Keywords: Transgenic animals, germline stem cells, spermatogenesis, nucleofection, germ cell transplantation

Introduction

Male germline stem cells (GSCs) are unipotent stem cells in the testis that self-renew and undergo differentiation to form sperm (Dym 1994). The ability of GSCs to transmit genetic information to the next generation makes them an attractive target for transgene transmission. Harnessing their power as a transgene carrier, however, has initially been a daunting task as GSCs are scarce and difficult to access in vivo. The first breakthrough came in 1994, when Brinster and coworkers developed the technique of germ cell transplantation (Brinster and Zimmermann 1994). They discovered that GSCs from a donor mouse testis, when transplanted into the seminiferous tubules of an infertile recipient testis, were able to colonize the recipient testis and re-established long-term donor-derived spermatogenesis (Brinster and Avarbock 1994; Brinster and Zimmermann 1994). These studies laid the foundation for new technologies in transgenic research because they demonstrated that GSCs can be genetically manipulated in vitro, and then transplanted into a recipient testis to generate transgenic gametes. The first attempt to generate transgenic animals using GSC transplantation was performed by retroviral transduction of mouse GSCs in vitro, followed by transplantation into recipient testes (Nagano et al. 2000). Approximately 4.5% of progeny sired by recipients were transgenic, and the transgene was passed on to subsequent generations (Nagano et al. 2001). Since then, other viral vectors, such as lentiviral, adenoviral, and adeno-associated viral vectors have been used for GSC transduction (Honaramooz et al. 2008; Nagano et al. 2002; Takehashi et al. 2007). The same concept was also successfully applied for the production of transgenic rats through viral transduction (Hamra et al. 2002; Ryu et al. 2007), and recently transposon-mediated transduction of rat GSCs (Izsvak et al. 2010).

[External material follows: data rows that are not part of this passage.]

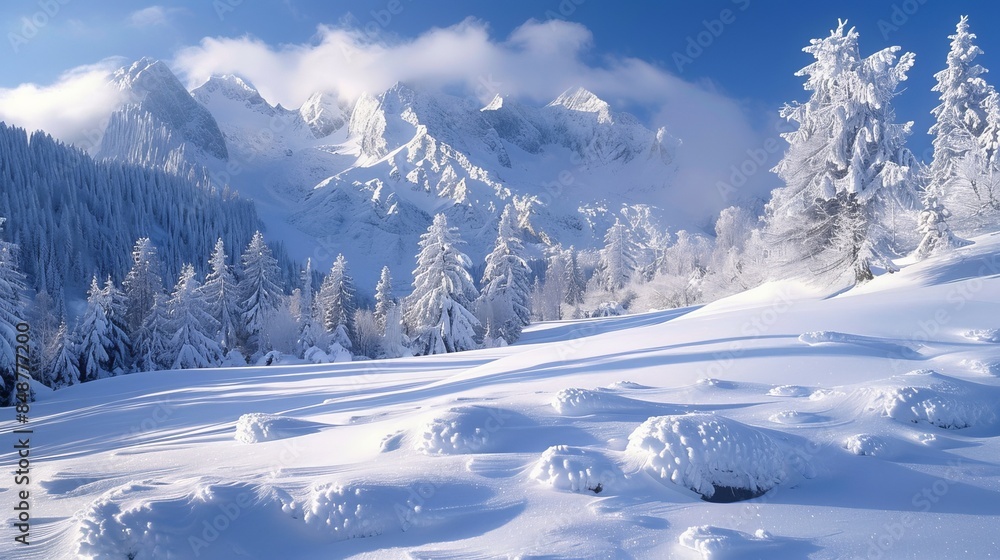 Peaceful Winter Wonderland: Snowy Field with Frosty Trees, Blue Sky, and Fresh Snow, Tranquil Snowy Wilderness: Crisp Winter Scenes, Fresh Snowfall, & Clear Skies in Nature's Beauty Peaceful Winter Wonderland: Snowy Field with Frosty Trees, Blue Sky, and Fresh Snow, Tranquil Snowy Wilderness: Crisp Winter Scenes, Fresh Snowfall, & Clear Skies in Nature's Beauty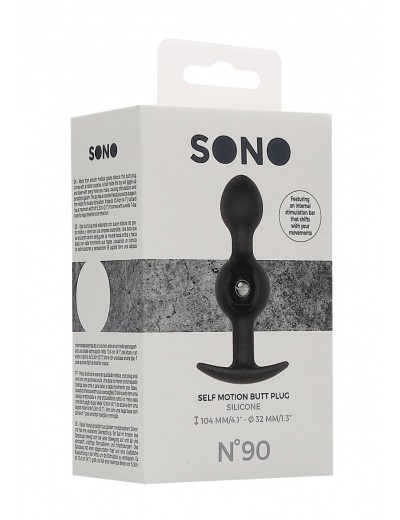 Черная анальная пробка N 90 Self Penetrating Butt Plug - 10,4 см.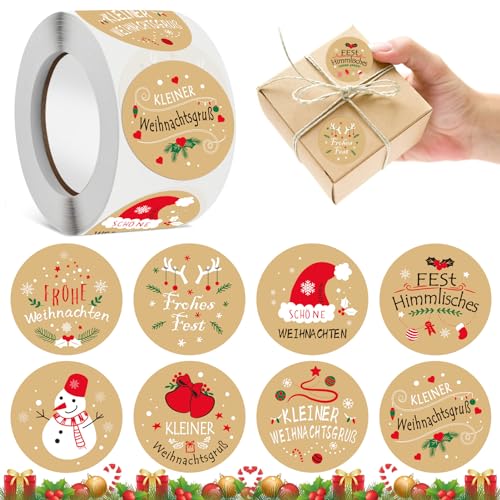 500 Stück Aufkleber Weihnachten, 4cm Kraftpapier Weihnachtsaufkleber, Selbstklebende Weihnachtsetiketten Geschenkaufkleber für Dekoration und Verpackung von Weihnachtsgeschenken von BGTLJKD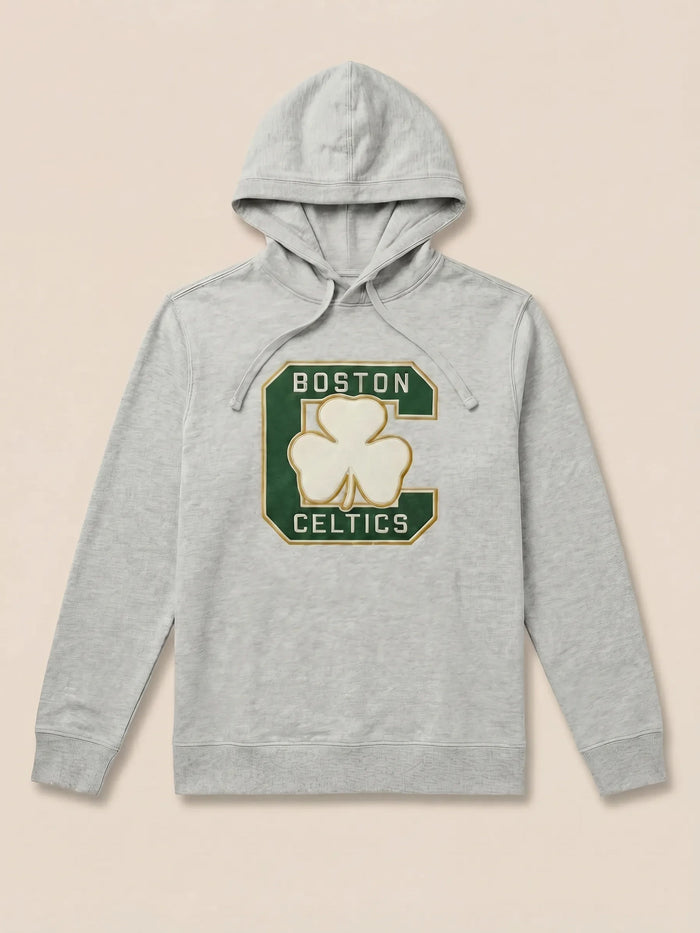 | Boston Celtics Sunwashed Organic Hoodie - Light Grey Heather | Faherty Brand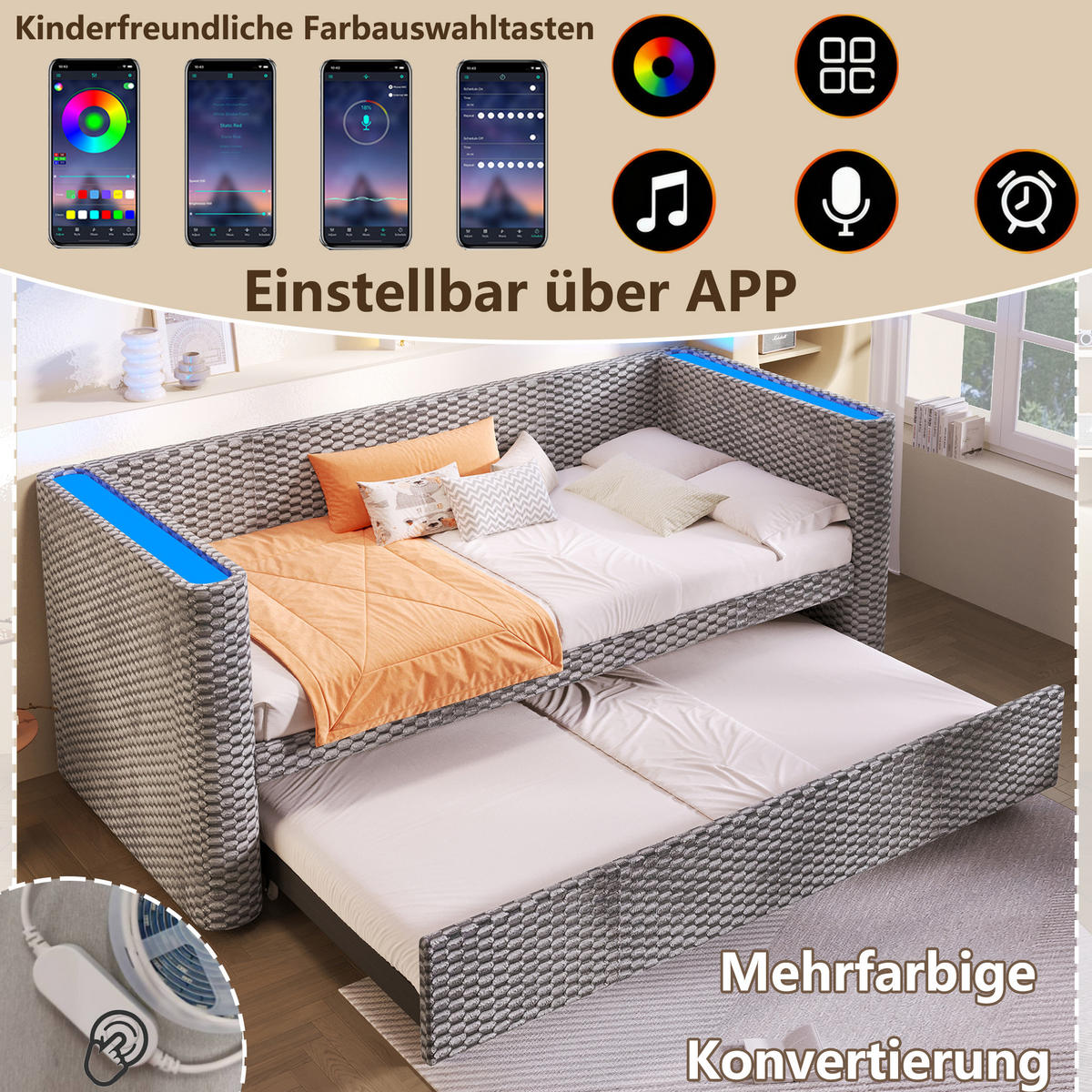 TAGEBETT 90x200cm + 180x200cm Grau Samt LED-Licht Ausziehbett - Grau, Holz (180/200cm) - FLIEKS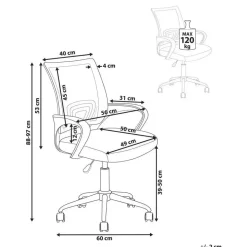 Beliani SOLID - Bureaustoel - Zwart - Polyester Best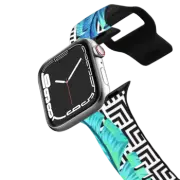 Apple Watch Series 7-9 (41mm) Impact Band Banana leaf on black and white pattern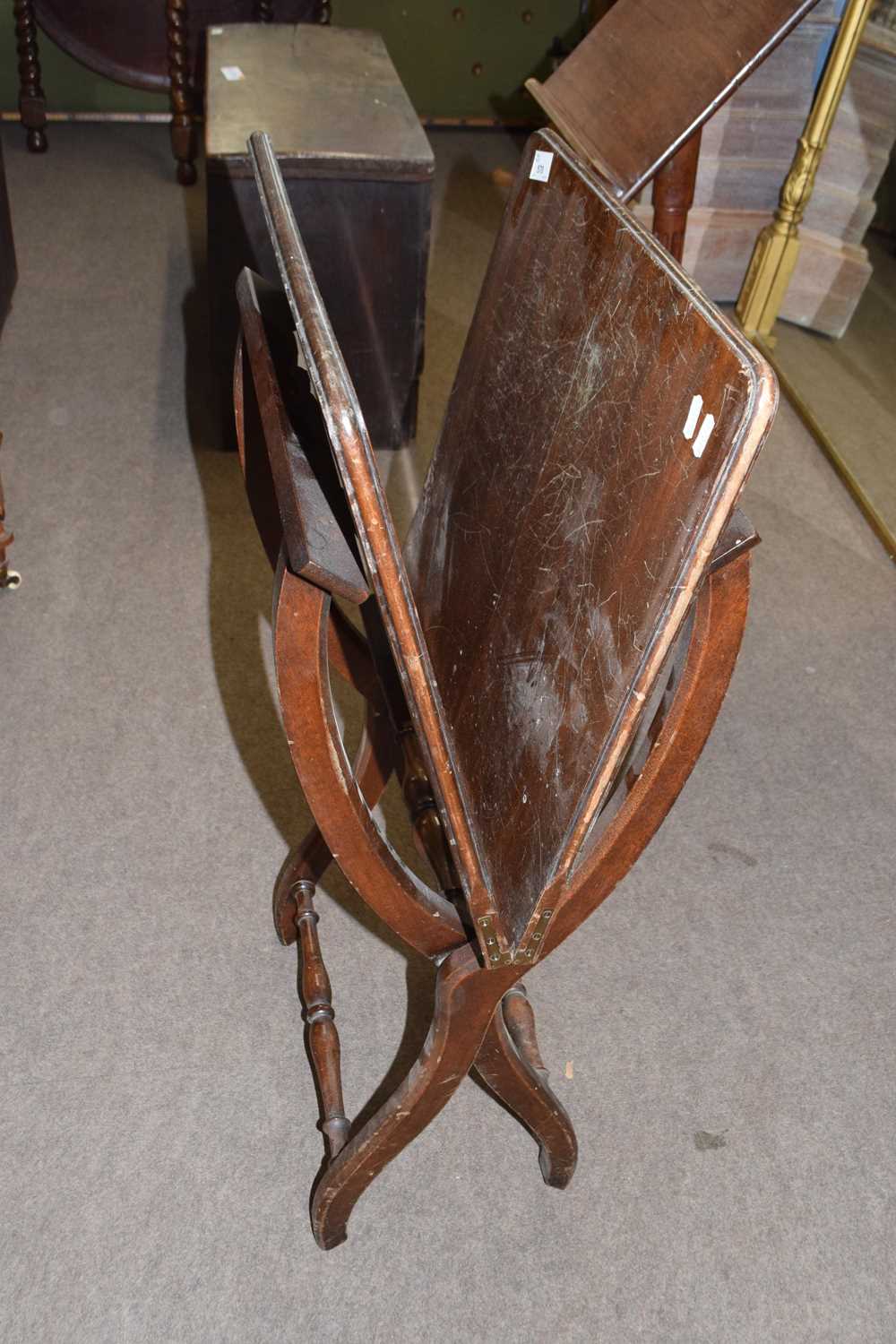 A mahogany coaching style folding table of typical rectangular form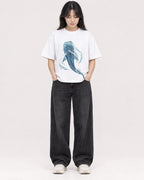 Mockup Boxy Heavyweight Tee White female full-body 13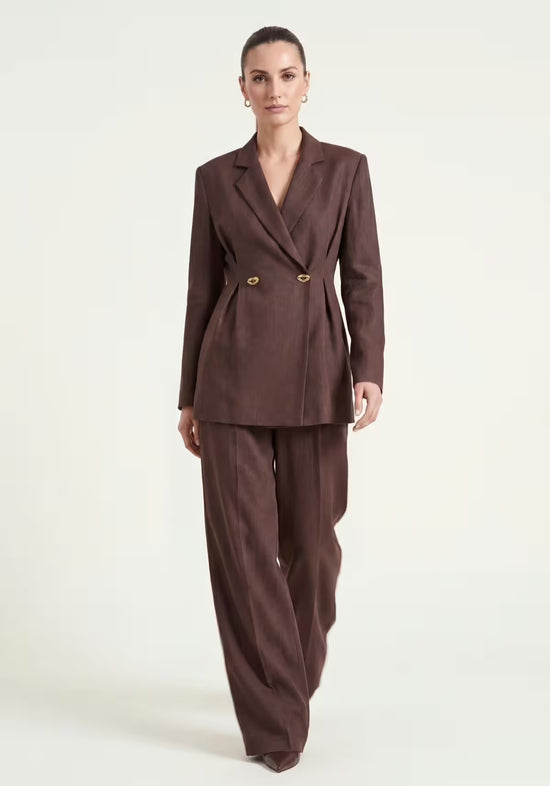 Damenhemd & Damenhose Braun – Langarm-Blazer & Palazzo-Hose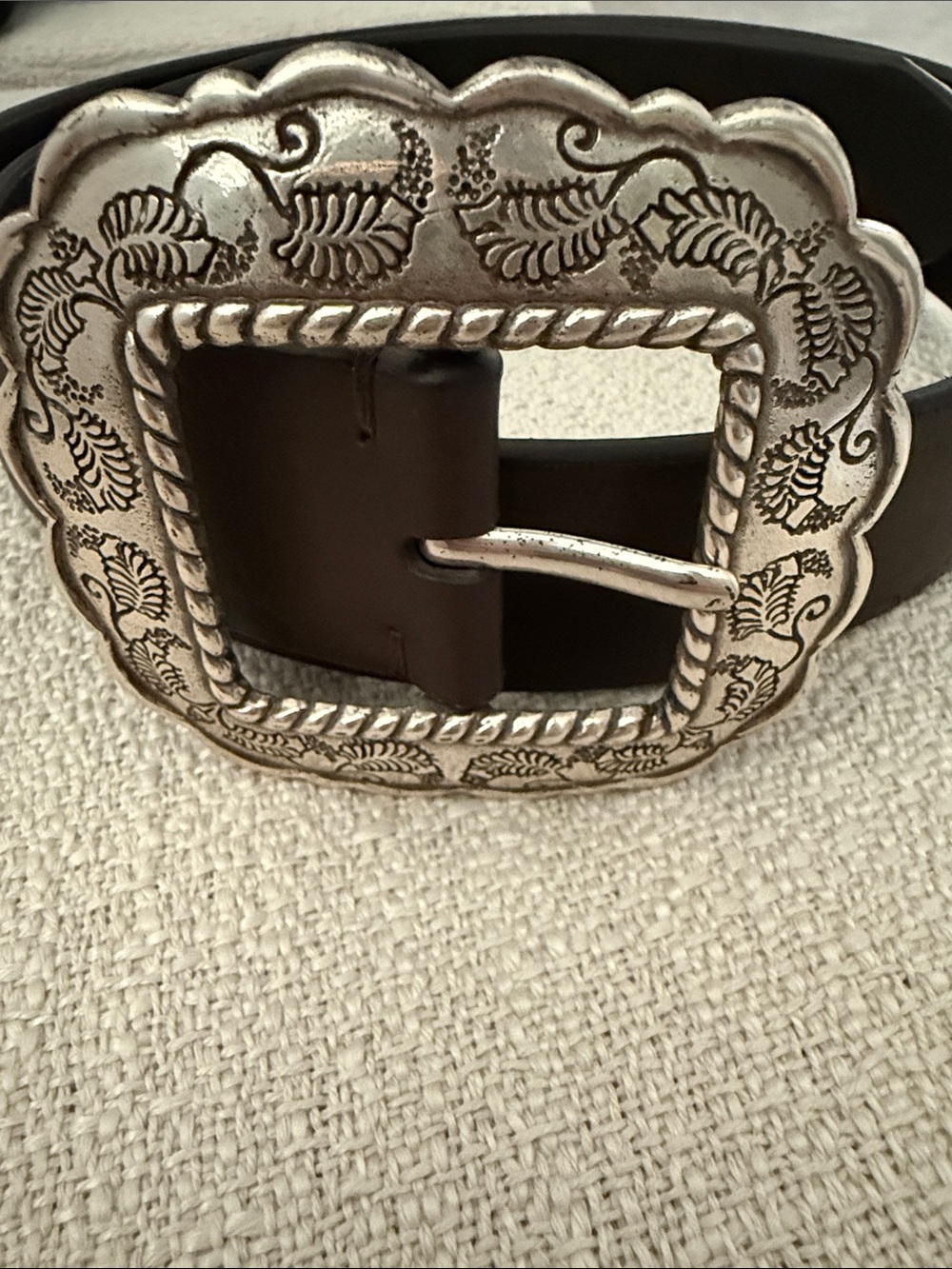 Silpada Brown Leather Belt with Decorative Silver Buckle - Picture 4 of 5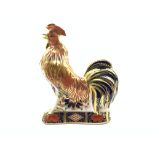 Royal Crown Derby paperweight modelled as an Imari Cockerel, signed by Louise Adams,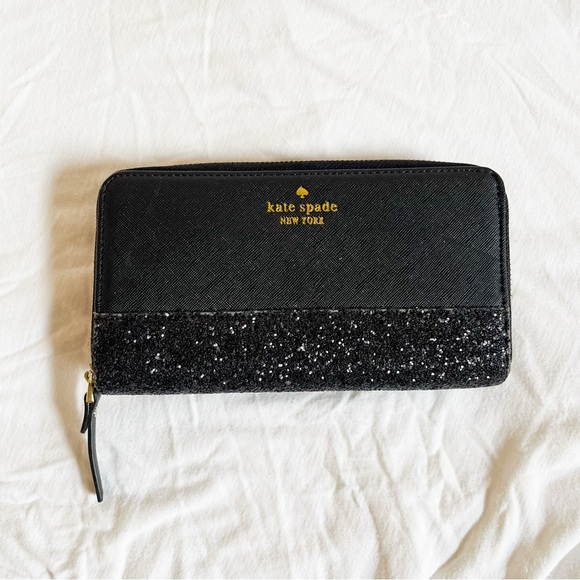 kate spade Handbags - Kate Spade Black Leather Glitter Zip Around Large Wallet Zippy Gold
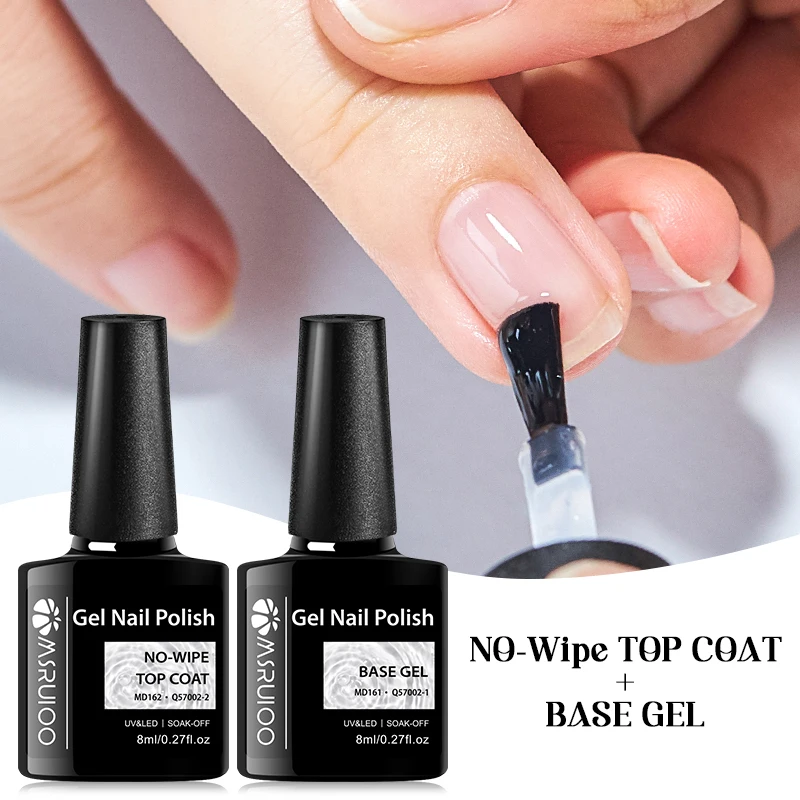 2 unidades de Gel Base de 8ml y Top Coat sin Capa Pegajosa, Set de Esmalte de Uñas en Gel, Potenciador de Diseño, Barniz Semipermanente Removible UV LED, Herramienta para Arte de Uñas DIY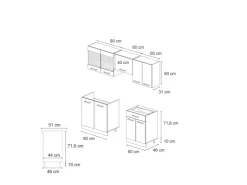 Küchenschränke<Vicco R-Line Küchenzeile /Weiß 200 cm AP Eiche ohne E-Geräte Schwarz Hochglanz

Transgenic large animal models are important in biomedical research, agriculture and biopharmaceutical production. For large animals in which embryonic stem cells are not yet widely available, the prevailing approaches for generating transgenic animals are pronuclear microinjection or somatic cell nuclear transfer (SCNT) (Gama Sosa et al. 2010; Piedrahita and Olby 2011). Those approaches have relatively low efficiency, and animals resulting from SCNT frequently suffer from placental abnormalities (Bacci 2007; Dinnyes et al. 2008). We previously demonstrated that GSCs of goats are capable of transgene transmission after adeno-associated virus (AAV)-mediated transduction and subsequent transplantation into the testes (Honaramooz et al. 2008). This research lent support to the notion that transgenesis through GSCs can be useful for large animal transgenesis.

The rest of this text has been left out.